The Oberlin Stories Project

On organizing Dr. Seuss Day at the local public library

Sophie Schacht ’10

“I am one of six people on the varsity softball team who tutors in the Oberlin public schools -- my first order of business was to recruit the entire team.”

A trio plays music in the children's section of the public library.

Every year, on the first Sunday of March, Oberlin’s chapter of America Reads throws a “Dr. Seuss Day” celebration in the Oberlin Public Library. Over 200 children from Oberlin and the surrounding area come to the library to enjoy free music, performances, activities, and food, in honor of Dr. Seuss’s birthday. This is my fourth year as an America Reads tutor and my first year as a site leader in the program, so organizing Dr. Seuss Day for Winter Term seemed like the perfect opportunity to take my commitment to the Oberlin community to the next level.

I am one of six people on the varsity softball team who tutors in the Oberlin public schools — my first order of business was to recruit the entire team.
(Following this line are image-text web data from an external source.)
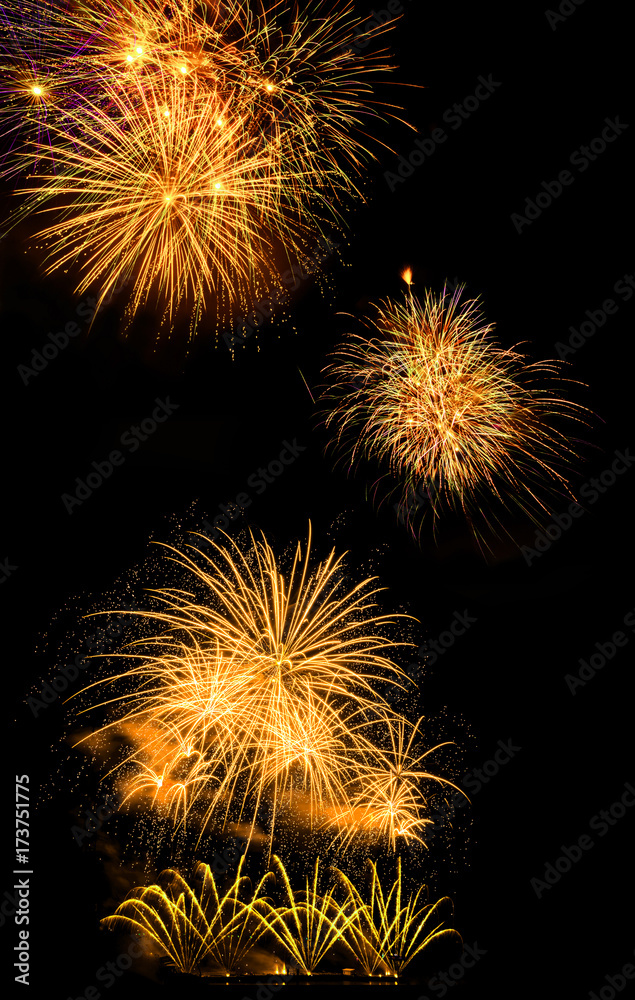 beautiful gold firework display for celebration happy new year and merry christmas and  fireworks on black isolated background
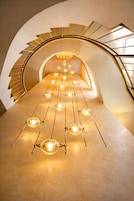 Una escalera de caracol de diseño moderno, con una serie de bombillas colgantes a lo largo de los escalones.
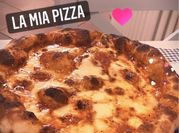 Una foto di pizza ai cereali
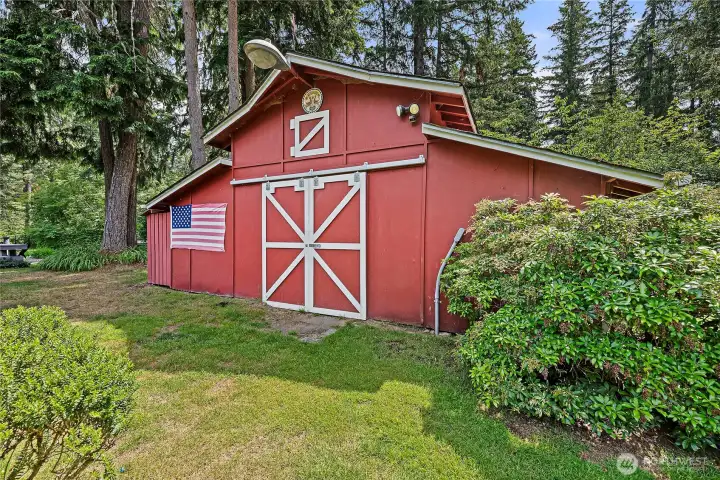 Large barn that once held animals and currently holds a workshop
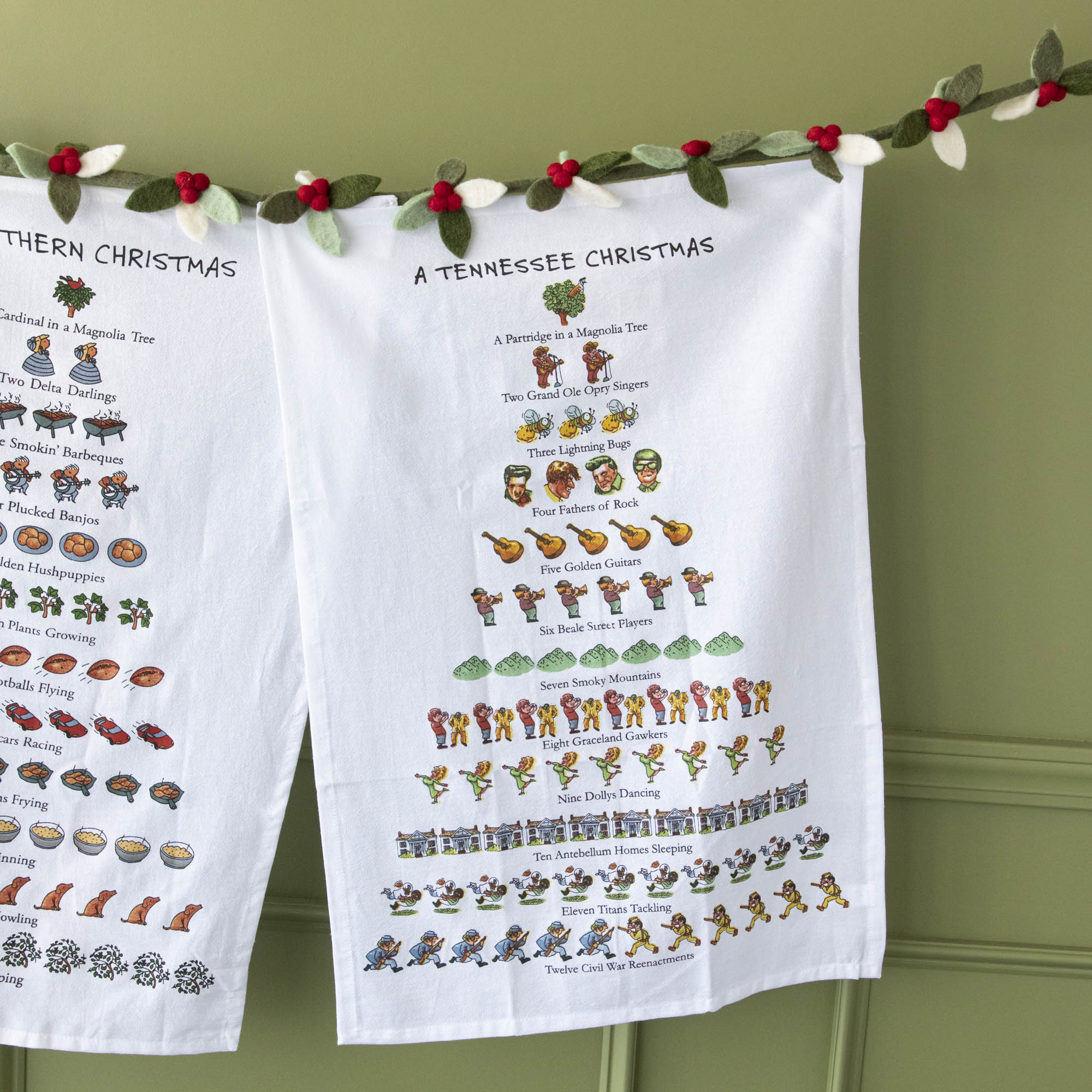 A Tennessee Christmas Tea Towel hung on a felt berry garland.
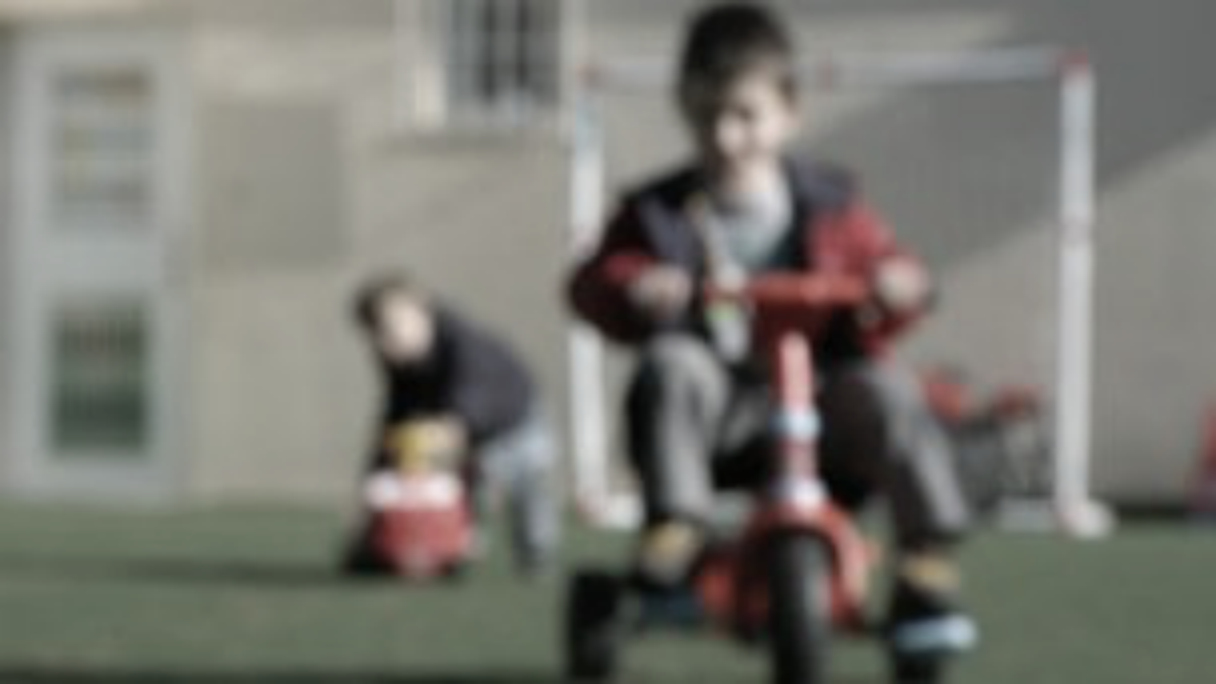 Children play at a centre in Greece caring for young people whose 
parents are unable to cope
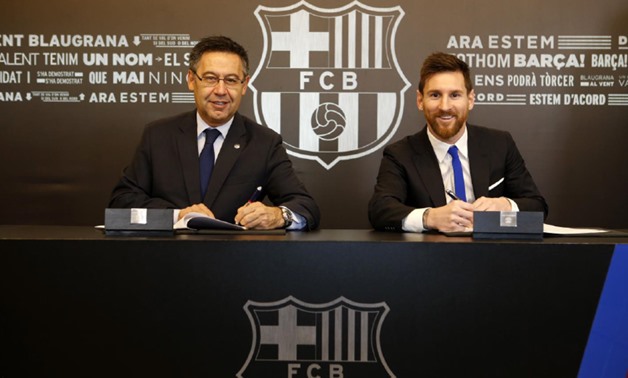 Barcelona`s president Josep Maria Bartomeu (L) with Lionel Messi (R) signing his new contract - Courtesy of FC Barcelona official website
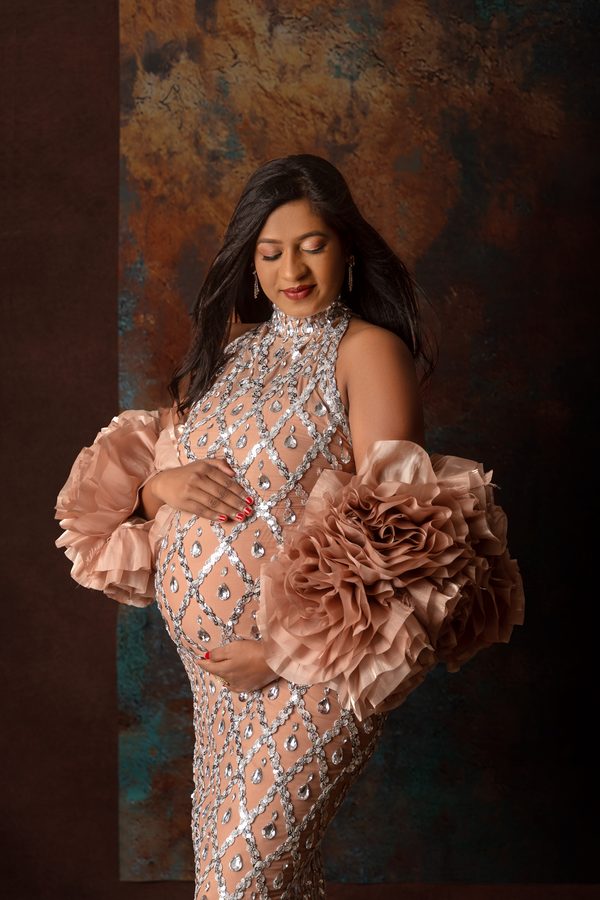 Maternity portrait in a sequinned gown with blush ruffled sleeves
I convinced the team that they had to attend, set up a booth at the event, and help with preparation. And I immediately invited the Black River Belles, the team’s favorite student bluegrass trio, to perform.

Needless to say, the softball booth was one of the most popular activities. We set up a beanbag toss right next to the popcorn machine, and gave away free tattoos, offering the kids some water and a wash cloth to apply the tattoo right then and there. While we hung out with children in the activity room, a separate group of children watched performances on the “stage” that Kate and I set up in the main library. The Obertones, Round Midnight, OSteel, And What!?, the Black River Belles and OCircus all performed, between Dr. Seuss readings by prominent community members.
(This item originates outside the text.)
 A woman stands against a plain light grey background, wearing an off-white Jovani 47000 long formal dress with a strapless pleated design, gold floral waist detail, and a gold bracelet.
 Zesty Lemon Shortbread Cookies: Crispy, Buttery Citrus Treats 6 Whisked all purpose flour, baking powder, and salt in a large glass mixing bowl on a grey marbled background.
The activities and music were a lot of fun, but by far the most entertaining part of the afternoon was when Katie, Megan and I dressed up in the costumes we had rented for the event. To my complete surprise, Megan volunteered to dress as the Cat in the Hat and she roamed the library, delighting children with her Seussian wit. Because the usual costume shop that rents out Elmo and Blue’s Clues costumes was temporarily out of business, Katie and I ended up taking turns navigating the library in a giant, old, particularly pungent St. Bernard costume. It was hard to be a loveable mascot in the tattered suit, and we almost knocked down toddlers that strolled into our blind spots, but we managed to attract some fans. At least one little boy was teary-eyed when it was time for the puppy to leave.

My team spent an incredible amount of time, effort, and money on the event. Julia ran all around town looking for temporary tattoos that weren’t only of princesses or butterflies. (We didn’t want to promote traditional gender roles.) Kristine, Kristen, and Kate lovingly applied the images to countless hands, arms, and faces. When the last kids had left, most of the America Reads volunteers went home, but of course the trusty softball team stayed behind to pick up the mess, load up the cars, and transport everything back to the Bonner Center.